Customer Service and Educational Resources
All three custodians offer phone support, online chat, and email access. The distinctions come down to depth, hours, and how proactively each platform invests in investor education.
Fidelity
- Dedicated IRA specialists reachable by phone
- Retirement planning webinars and live Q&A sessions
- 24/7 phone support — one of the few custodians offering round-the-clock live access
- Unlimited 1-on-1 coaching for managed account holders at qualifying balances
Charles Schwab
- Strong reputation for handling complex retirement account questions
- Schwab University courses on active trading, tax optimization, and retirement income planning
- Access to CFP advisors through premium managed accounts
- Physical branch locations available across the U.S. for in-person service
E*TRADE
- Beginner-friendly articles, how-to guides, and video tutorials
- Research reports from multiple third-party providers
- Standard phone and chat support during market hours
- Less emphasis on proactive personalized guidance than Fidelity or Schwab
Fidelity and Schwab both outperform E*TRADE on structured investor education and proactive support. For investors who expect to call with questions, want retirement planning conversations, or value learning resources beyond basic how-tos, either of those two platforms offers a meaningfully stronger experience.
What to Do Next
The right IRA custodian depends on how you plan to use your account. Here is a direct breakdown by investor type:
Choose Fidelity if:
- You want the lowest possible mutual fund costs, including zero-expense-ratio index funds
- You plan to hold your IRA for decades and want to minimize every cost layer
- You may transfer your account at some point and don’t want to pay a $50–$75 exit fee
- You want fractional share access across a wide range of stocks and ETFs
- You trade international stocks or want access to markets in 25 countries and 16 currencies
Choose Schwab if:
- You actively trade options and want ThinkorSwim’s analytics, paper trading, and scanning capabilities
- You trade U.S. Treasury bonds frequently and want $0 commissions on those specific transactions
- You want a robo-advisor with no annual advisory fee and have $5,000 to start
- You value access to Certified Financial Planners for retirement planning conversations
Choose E*TRADE if:
- You are opening your first IRA and want a clean, easy-to-navigate interface
- You are aged 59½ or older and want a simplified withdrawal experience through the Complete IRA product
- You want a low-minimum automated portfolio ($500 to start) with a straightforward 0.30% annual fee
- You trade options frequently and qualify for active trader volume discounts
Action Steps
- Identify your investor type using the categories above before choosing a platform.
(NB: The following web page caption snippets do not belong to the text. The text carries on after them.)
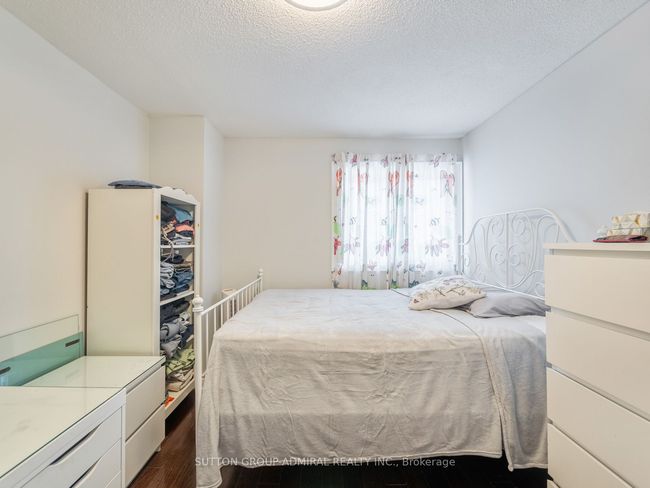 1552 Dellbrook Ave, House other with 5 bedrooms, 4 bathrooms and 4 parking in Pickering ON | Image 22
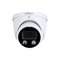 Dahua IPC-HDW3849H-AS-PV-0280B-S4 8 Mpx AI dome IP kamera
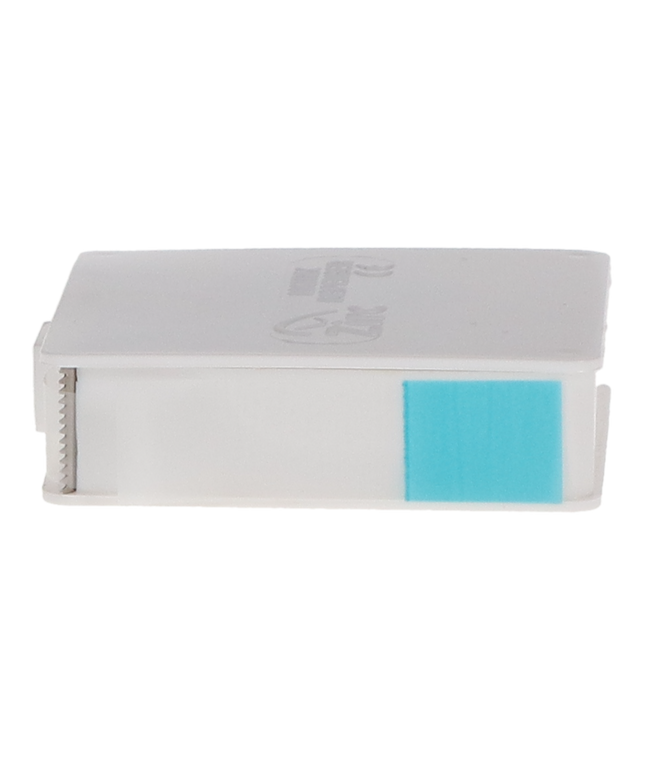 Zirc - Matrix Dispenser White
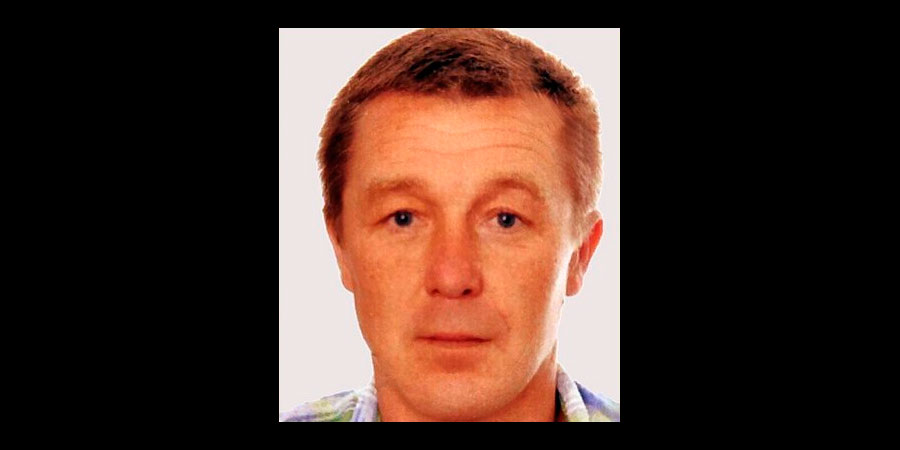 Загинув Анатолій Соболь із Канева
- Open your IRA account online. All three custodians allow same-day account opening with no minimum deposit required.
- Initiate your rollover or transfer by contacting your new custodian directly. Standard ACAT transfers typically complete within 5–7 business days. Direct rollovers from 401(k) plans can take 2–4 weeks depending on the employer plan administrator.
- Confirm your contribution deadline. The deadline to make IRA contributions for the 2026 tax year is April 15, 2027.
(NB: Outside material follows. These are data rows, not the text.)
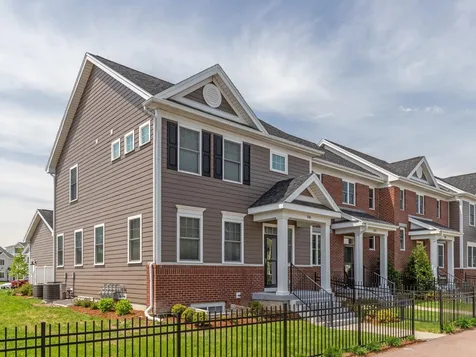 346 Zephyr Road Williston VT 05495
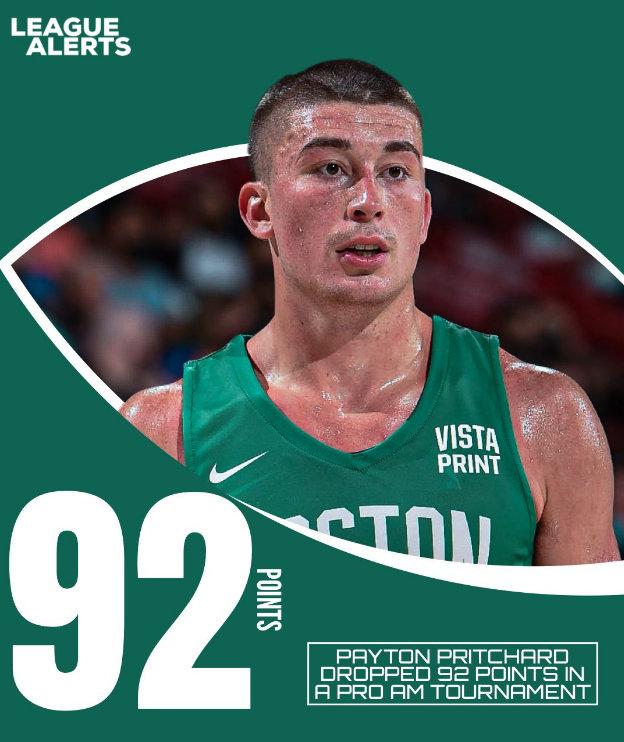 小概率亏损 小概率亏损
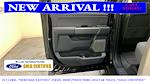 2024 Ford F-150 SuperCrew Cab 4WD Pickup for sale #P16186 - photo 25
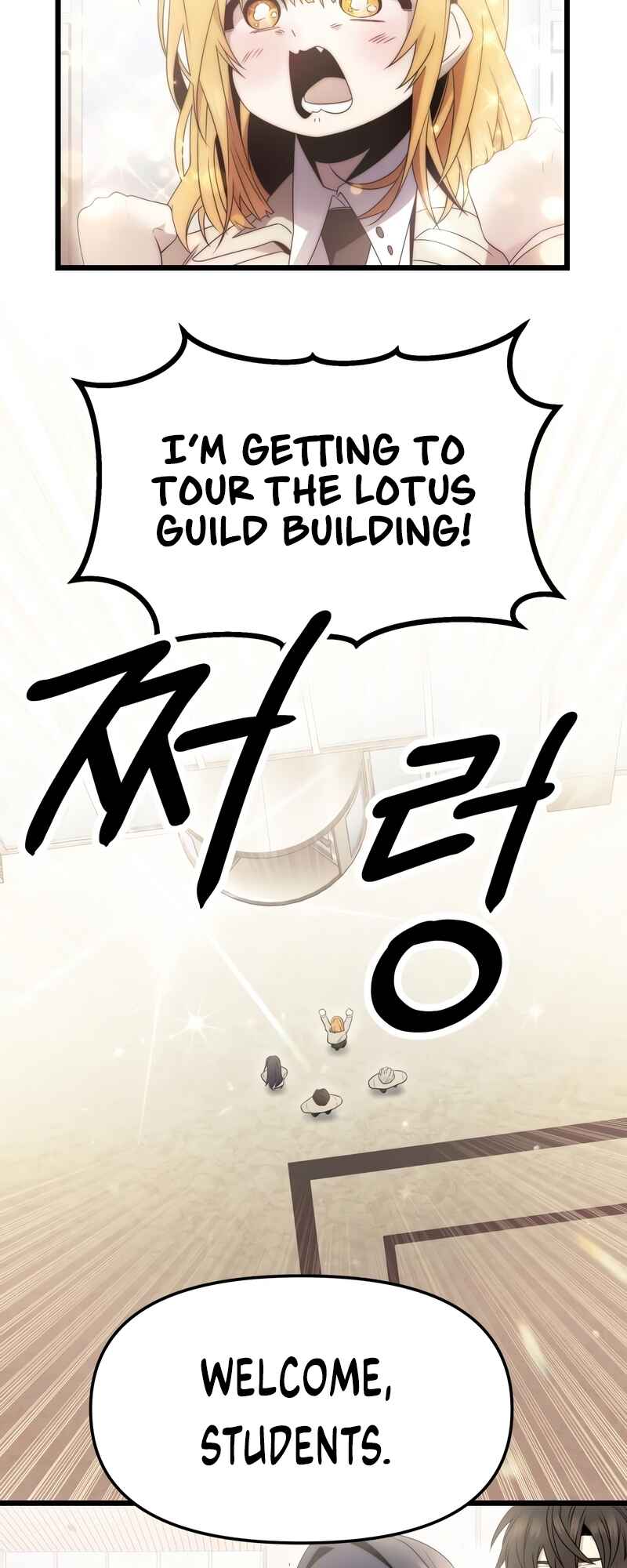 Chapter 55 - Page 39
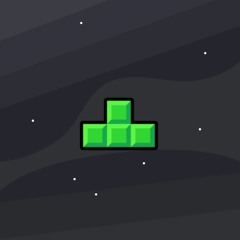Tetromino!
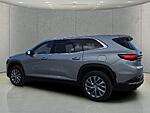 Used 2025 BUICK ENCLAVE 4DR PREFERRED in FORT PIERCE, FLORIDA (Photo 8)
- Consider using both platforms. Many experienced investors keep long-term retirement savings at Fidelity — for cost efficiency, planning tools, and $0 transfer fees — while using Schwab for active trading through ThinkorSwim. There is no requirement to use a single custodian for all accounts.
This article is for informational purposes only and does not constitute personalized financial, tax, or legal advice. Fees, platform features, and contribution limits are subject to change. Verify current details directly with each custodian before making any account decisions.